President Kenyatta and Mr Odinga promised to craft a path to national unity with the BBI. Unfortunately, most of the noble goals outlined in the nine-point agenda were buried under the weight of proposals geared towards easing the way for power capture deals.

Laikipia reminds us that unless we go back to the spirit of the original BBI, the issues we have refused to resolve heading towards 60 years of freedom, remain ticking time bombs.

The issues are well known and include historical grievances around land and settlement, skewed allocation of economic and social development resources, marginalisation and neglect of entire regions and communities, endemic poverty, tribalism and the entrenched culture of ethnic competition for political power and economic resources, unchecked corruption, crime and insecurity, and vast swathes of the country seemingly left behind in the Stone Age.

It’s easy to make the correlation between conflicts as seen in Laikipia and other parts of the country, particularly in northern and north-eastern regions, and our refusal as a nation to address their causes.

Underlying issues

Laikipia is not just a policing or a peace and security issue but the outcome of real social and economic schisms in society.

It follows that the tough police action, absolutely necessary to restore peace and punish the culprits, must be accompanied by serious attempts at interrogating the underlying issues.

Failure or refusal to look for long-term solutions will only play into the hands of the bankrupt and depraved politicians who are always on the lookout for grievances that they can exploit for their selfish ends. Already, we’re seeing a fanning of the flames in ‘pamphleteering’ designed to illustrate the extent of inequity in land ownership in Laikipia.

The fact that a handful of white ranchers own nearly half the land in the county is a lightning rod for discontent. It will be used by an unholy alliance of politicians and activists to justify the current round of violence.

Narratives will also be dredged up around the injustice of the colonial Maasai land agreements of early last century.

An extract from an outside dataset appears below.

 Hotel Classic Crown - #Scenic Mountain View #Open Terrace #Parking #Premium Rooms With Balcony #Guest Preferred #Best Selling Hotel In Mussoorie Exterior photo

What those narratives will conveniently ignore is that the current attacks have very little to do with historical grievances over land rights. Neither are they strictly linked to common tussles over pasture and grazing, especially in periods of drought.

Deliberate incitement

What we’re witnessing is more likely linked to a deliberate incitement by politicians preparing the ground for next year’s General Election.

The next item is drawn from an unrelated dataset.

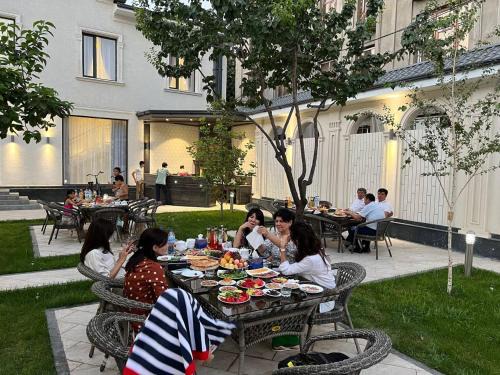 Turon Lux Hotel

We have a long history of politicians engineering violence for their selfish ends, and this is no exception. They would not succeed in their evil machinations, however, if the grievances they so easily exploit were resolved once and for all.

This does not mean, however, that we resort to foolish and unworkable measures like mass relocation to pre colonial ethnic boundaries. If we try that, we might as well send all the Bantu communities to the Congo Forest or southern Africa and Nilotic peoples up the Nile to Sudan or Egypt.

It would be just as foolish to try and dispossess the owners of large ranches merely on the colour of their skin and cut up the lands into puny unproductive eighth-acre plots for redistribution to the landless.

What we urgently need is a national conversation towards a new Kenya, where all will have pride in ownership and none will be left behind.